ふるさと農政は食品EC市場の1割に相当
ふるさと納税サイトが公開している返礼品の人気ランキングを見てみると、どのサイトも肉、海産物、米、飲料、果物など食品のオンパレードである。ティッシュペーパー、トイレットペーパーなど食品以外はごく僅か。少なく見積もっても2000億円以上の食品が納税者の手に届いている。
経産省発表による2021年の食品のEC市場規模は、約2兆5000億円。つまり返礼品の調達費用は食品のEC市場規模の約1割に相当する。だが、計算上EC市場規模には含まれていない。

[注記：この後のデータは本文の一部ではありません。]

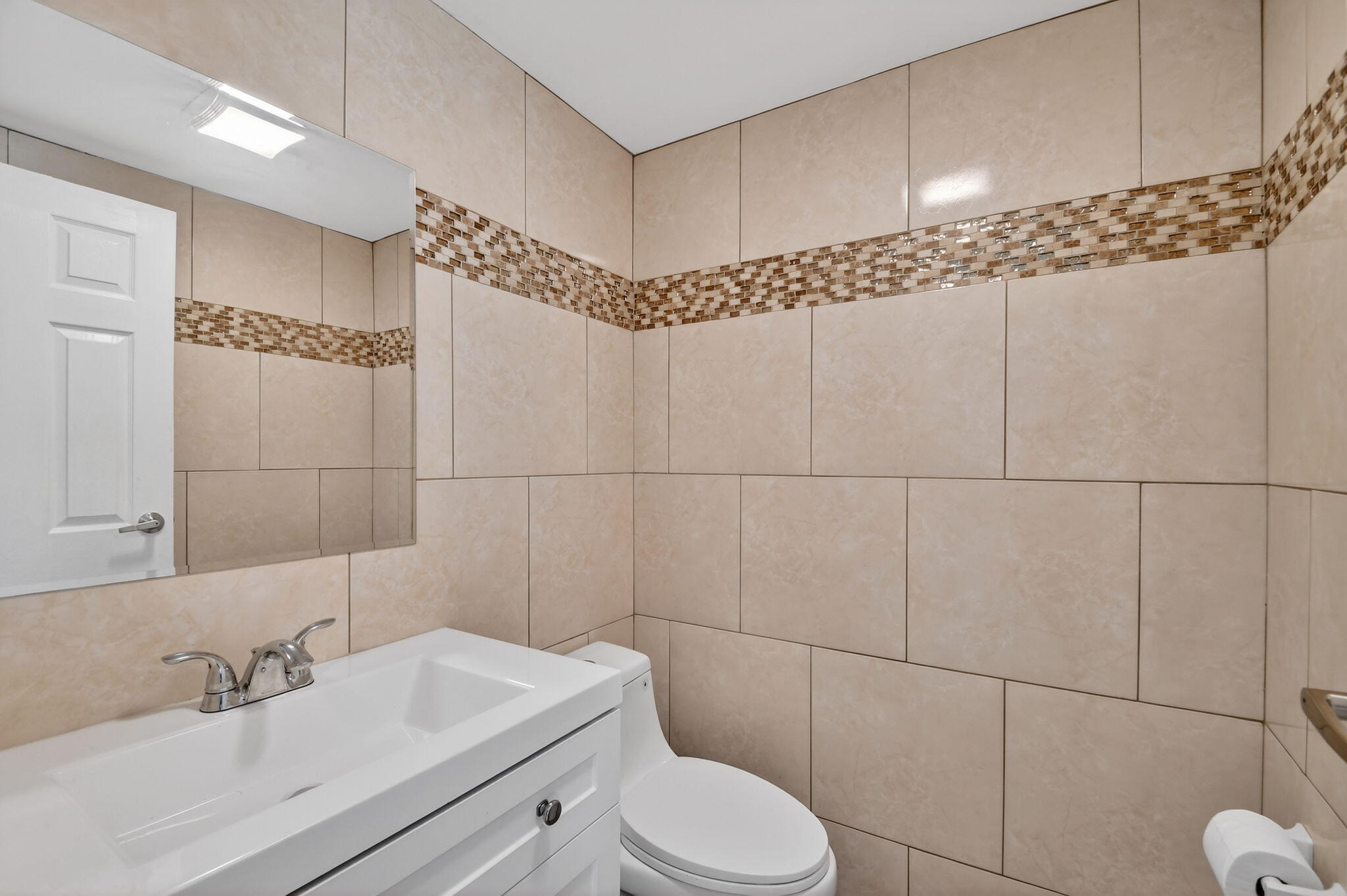 KINGS POINT MONACO CONDOS - Residential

食品のEC市場規模には、ネットスーパーやミールキット、調味料などあらゆる商材が含まれている。返礼品の調達費用がその約1割相当というのは冷静に考えて大きい規模だ。
この状況をどう見るか。全国民はまだ、ふるさと納税を行っていないだろう。しかし2000億円という規模感から考えて、ECを通じて地方の食品を購入している消費者は一体どれくらいいるのだろうかと思ってしまう。このことをポジティブ/ネガティブ両方の目線から捉えてみたい。
ふるさと納税がEC消費を脅かすか
ポジティブ目線で捉えるならば本制度で助かっている地方の事業者は多いと見る。返礼品であれ、ECであれ、出荷できればどっちでも構わないと考えるのは自然だろう。
ふるさと納税を通じて自社商品の露出度が増せば、長い目で見て地方の事業者にとってはプラスに違いない。
一方、ネガティブ目線で捉えれば、”地方産品はふるさと納税で手に入れるものだ”という感覚が消費者に根付くと、ECのビジネスモデルを脅かしかねない事態と思う。
例えば返礼品を起点にクロスセルやリピート購入を促すといったことで、EC側にプラスの効果をもたらす仕組みの確立は一案かもしれない。しかし、もともと制度自体に否定的な見解が存在するため、そもそもこれはデリケートなテーマである。
国の制度が絡むだけに軽々しいアイデアは慎んだ方が良いかもしれないが、とはいえ今の状態が継続すれば筆者個人は若干ネガティブなポジションだ。
今後のあり方について業界内での議論が必要だと考える。